Brief:
Return all of the entries below, word for word. Omit each picture.

━━━━━━━━━━━━━━━━━━━━

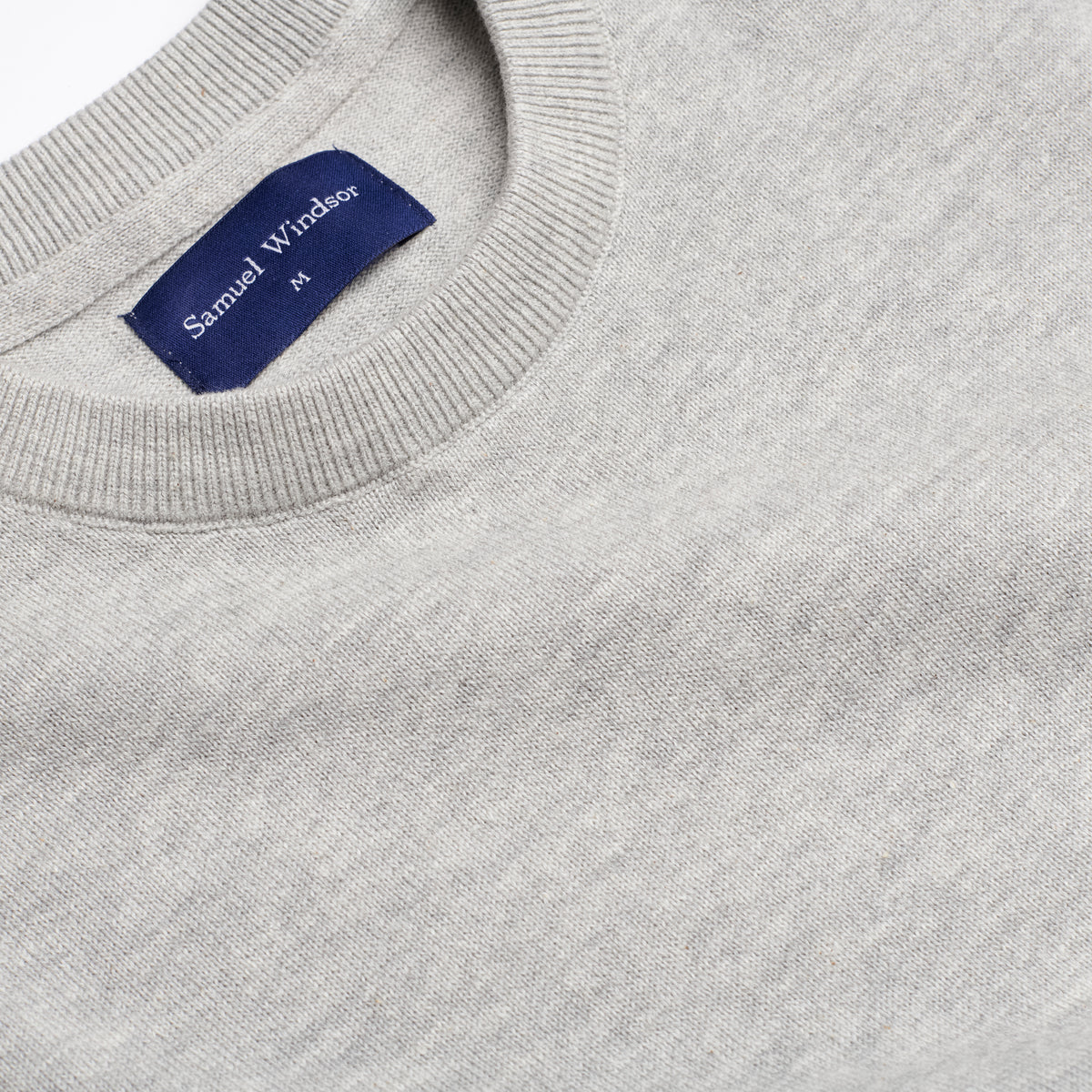 Crew Neck Jumper - Grey - Neckline Detail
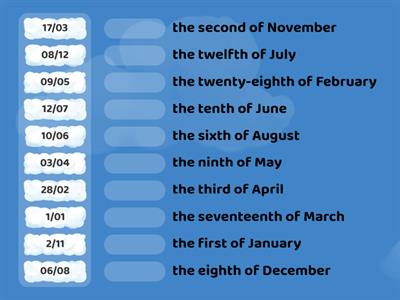 3Dates and Ordinal Numbers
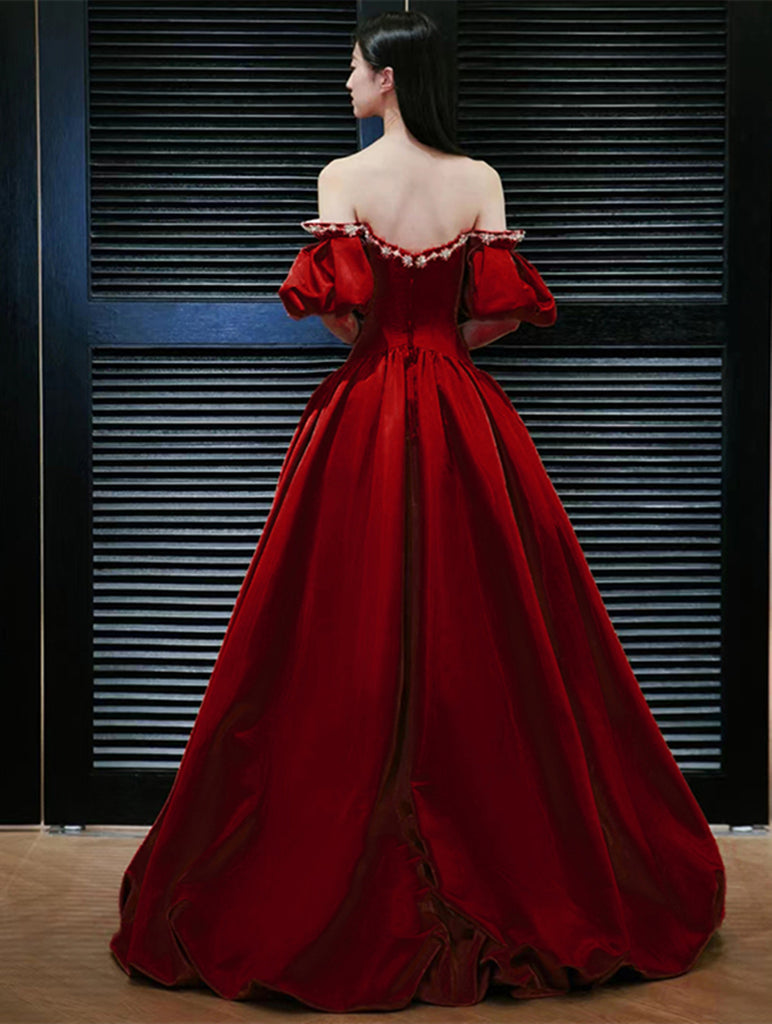 Strapless Sweetheart Wine Red Beaded Chiffon Long Prom Dress main image 0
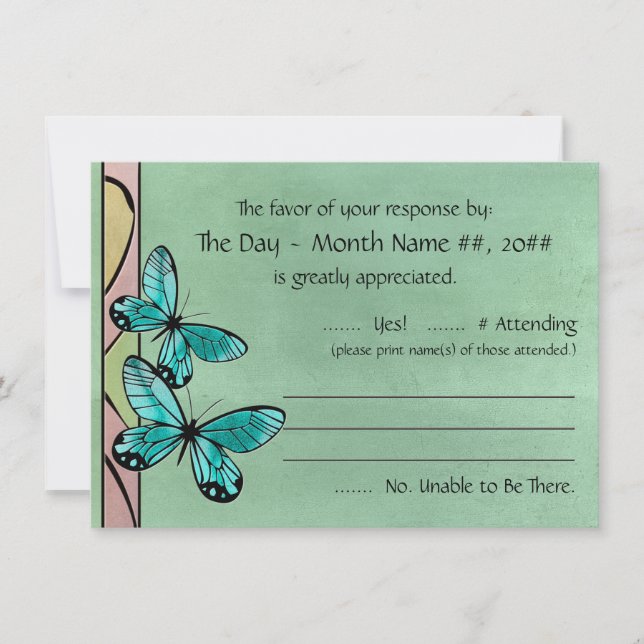 Butterfly Blue auf Smarald Green Einladung (Vorderseite)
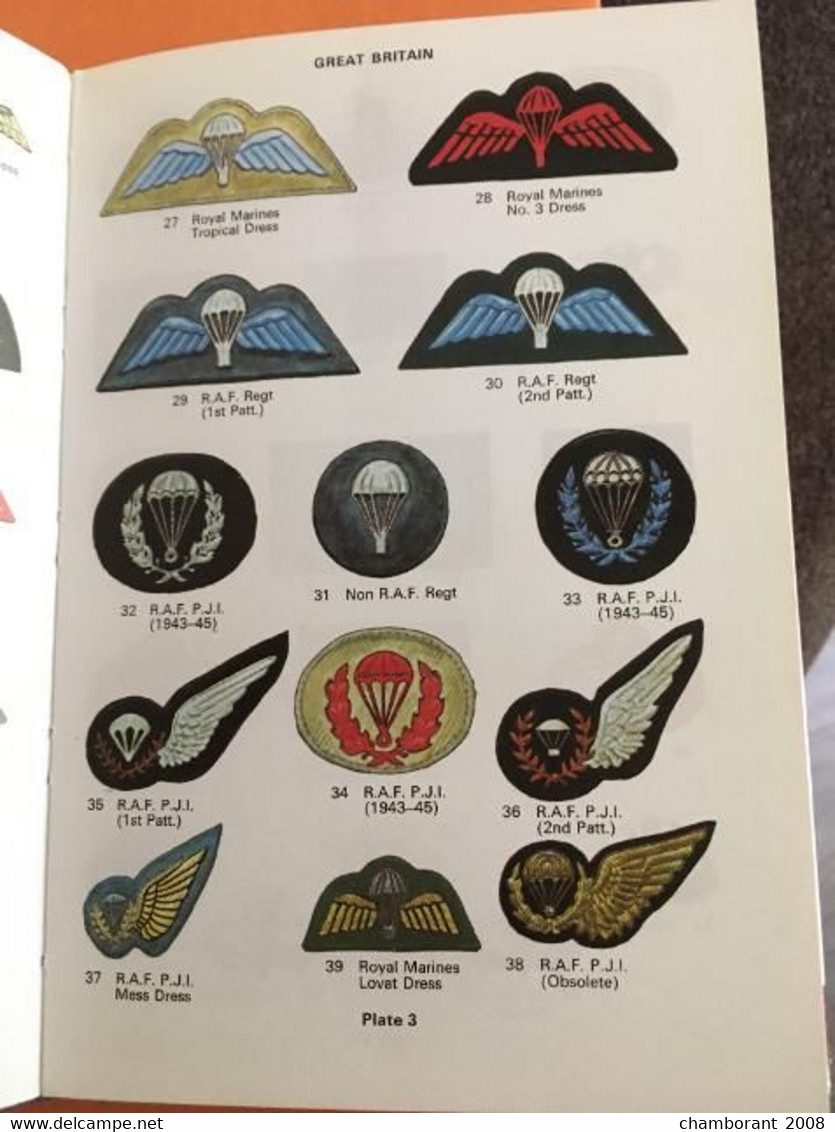PARACHUTE BADGES AND INSIGNIA OR THE WORLD - Anglais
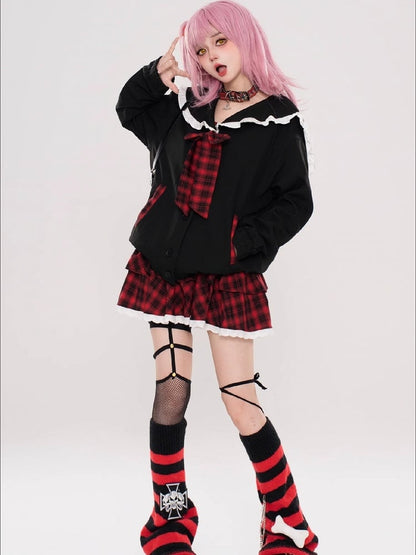 Y2K Black Sailor Collar Top with Red Plaid Tiered Skirt Set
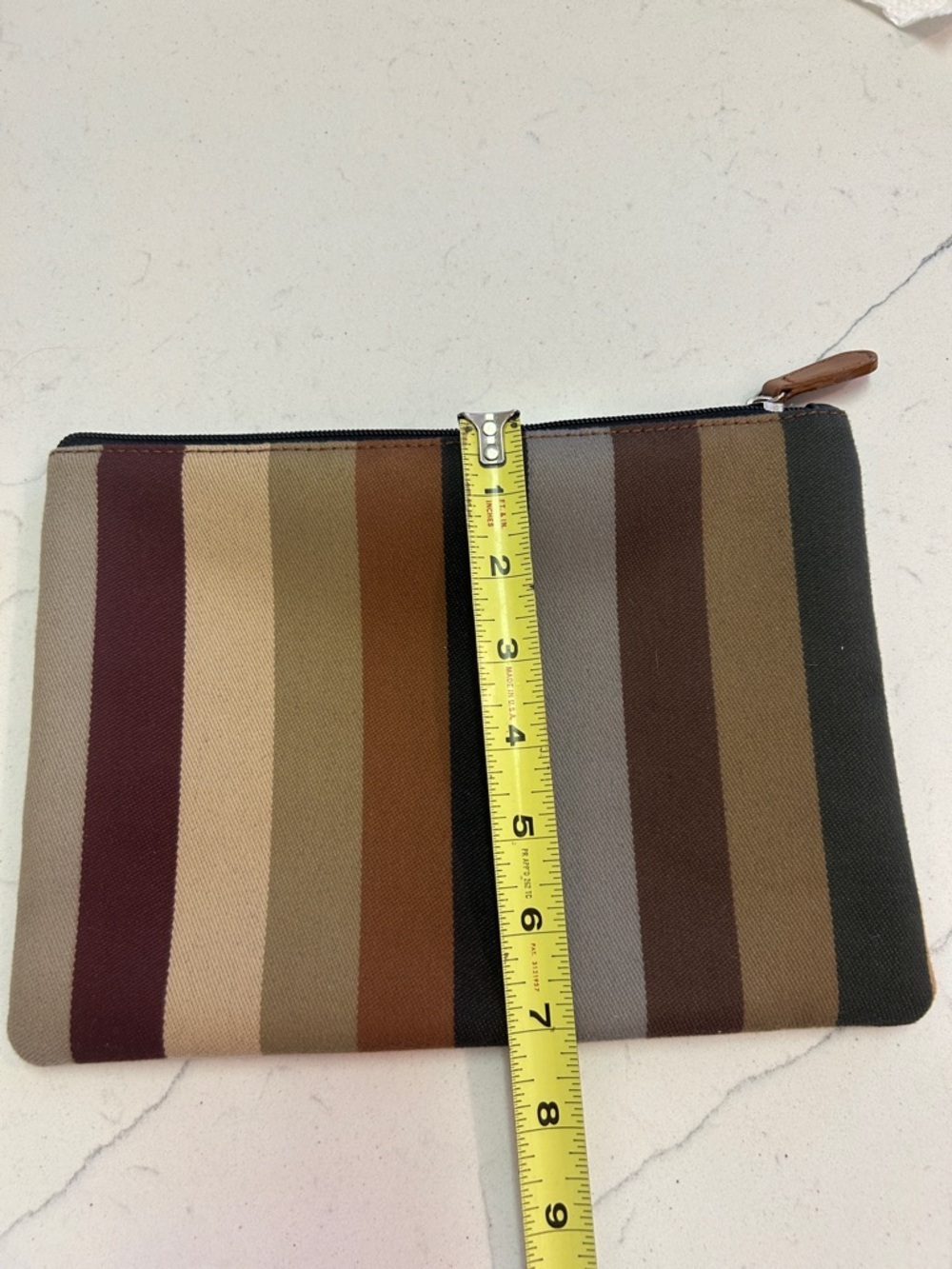 Todd Oldham By La-Z-Boy Earth Toned Striped Fabric Cosmetic Pouch View 5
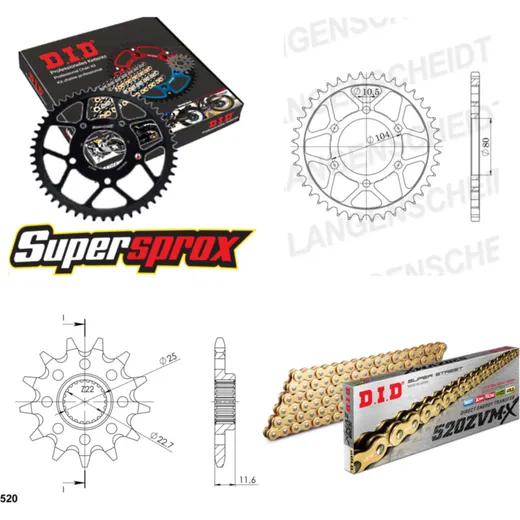 Chain Kit - Steel - for: POLARIS Sport 400 L 94-95 12-34-084 DID520ZVM-X(G&G) endless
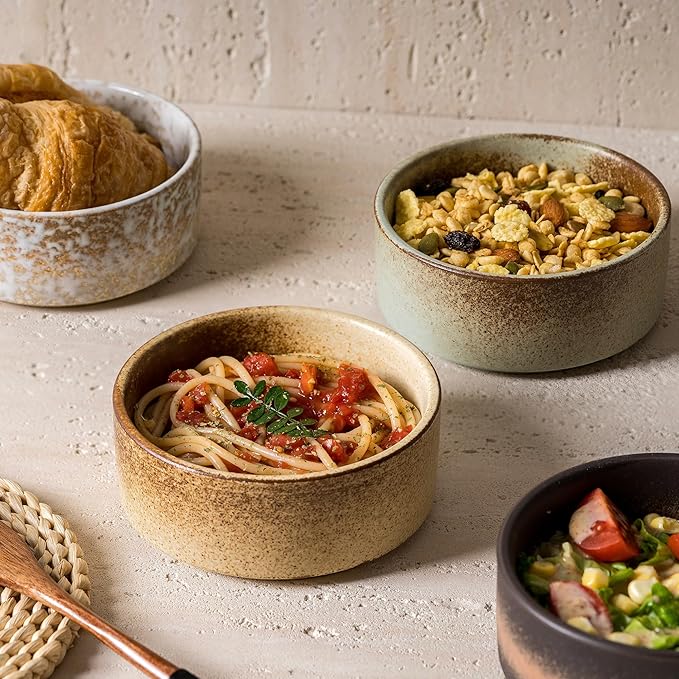 Ceramic Bowl Sets of 4, 4.5 Inches Mix Color, Small Bowls Set Farmhouse Vintage Color Bowls for Kitchen, 10 oz Bowl for Dessert, Dip, Side Dishes, Ice Cream, Fruit, Rice Dishwasher Microwave Safe-Ruum Studio Home
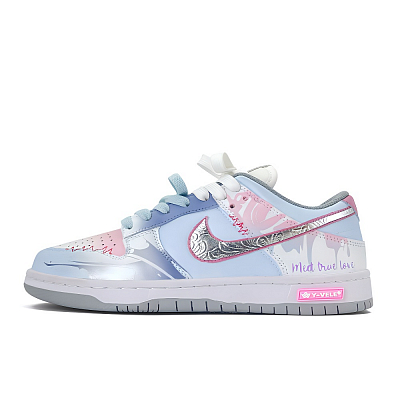 Nike Dunk Y VELE Quality Manufacturing, Heartbeat Dictionary Low Top Skateboard Shoes Unisex Light Blue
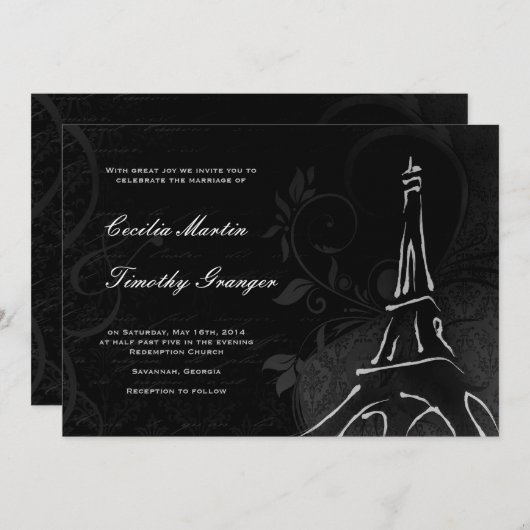 Damask Parisienne - Midnight Black Wedding Kaart (Voorkant / Achterkant)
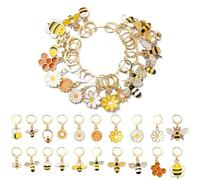 Stiesy 20 Pcs 20 Styles Bee Honeycomb Daisy Stitch Markers Enamel Crochet Stitch Marker Charms Removable Lobster Clasp Locking Stitch Marker for Knitting Weaving Sewing Quilting Handmade Jewelry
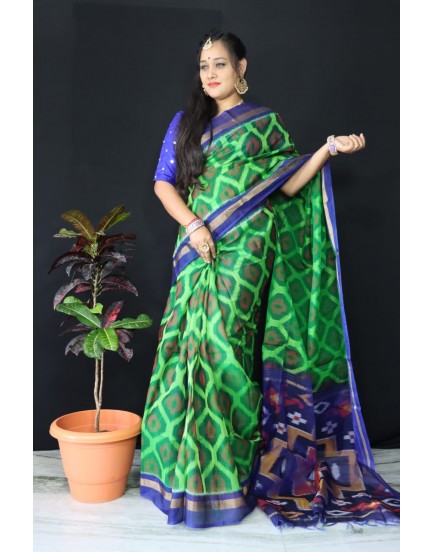 Ikkat pochampally pure siko silk sarees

━━━━━━━━━━━━━━━━━━━━

Completed task:
 Crew Neck Jumper - Grey - Neckline Detail
 3Dates and Ordinal Numbers
 Strapless Sweetheart Wine Red Beaded Chiffon Long Prom Dress main image 0
 Butterfly Blue auf Smarald Green Einladung (Vorderseite)
PARACHUTE BADGES AND INSIGNIA OR THE WORLD - Anglais
 Y2K Black Sailor Collar Top with Red Plaid Tiered Skirt Set
 Todd Oldham By La-Z-Boy Earth Toned Striped Fabric Cosmetic Pouch View 5
 Chain Kit - Steel - for: POLARIS Sport 400 L 94-95 12-34-084 DID520ZVM-X(G&G) endless
 Ceramic Bowl Sets of 4, 4.5 Inches Mix Color, Small Bowls Set Farmhouse Vintage Color Bowls for Kitchen, 10 oz Bowl for Dessert, Dip, Side Dishes, Ice Cream, Fruit, Rice Dishwasher Microwave Safe-Ruum Studio Home
 Nike Dunk Y VELE Quality Manufacturing, Heartbeat Dictionary Low Top Skateboard Shoes Unisex Light Blue
 Damask Parisienne - Midnight Black Wedding Kaart (Voorkant / Achterkant)
 Stiesy 20 Pcs 20 Styles Bee Honeycomb Daisy Stitch Markers Enamel Crochet Stitch Marker Charms Removable Lobster Clasp Locking Stitch Marker for Knitting Weaving Sewing Quilting Handmade Jewelry
 Ikkat pochampally pure siko silk sarees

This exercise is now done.